• **Work task**:
Write the data out again, word for word.

(Caption-style text data)

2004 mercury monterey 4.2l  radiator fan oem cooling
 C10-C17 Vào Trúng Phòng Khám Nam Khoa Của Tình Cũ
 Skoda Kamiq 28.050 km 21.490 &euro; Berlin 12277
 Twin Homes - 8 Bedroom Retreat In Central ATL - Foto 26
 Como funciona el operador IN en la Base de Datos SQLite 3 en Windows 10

• **Task response**:
2004 mercury monterey 4.2l  radiator fan oem cooling
 C10-C17 Vào Trúng Phòng Khám Nam Khoa Của Tình Cũ
 Skoda Kamiq 28.050 km 21.490 &euro; Berlin 12277
 Twin Homes - 8 Bedroom Retreat In Central ATL - Foto 26
 Como funciona el operador IN en la Base de Datos SQLite 3 en Windows 10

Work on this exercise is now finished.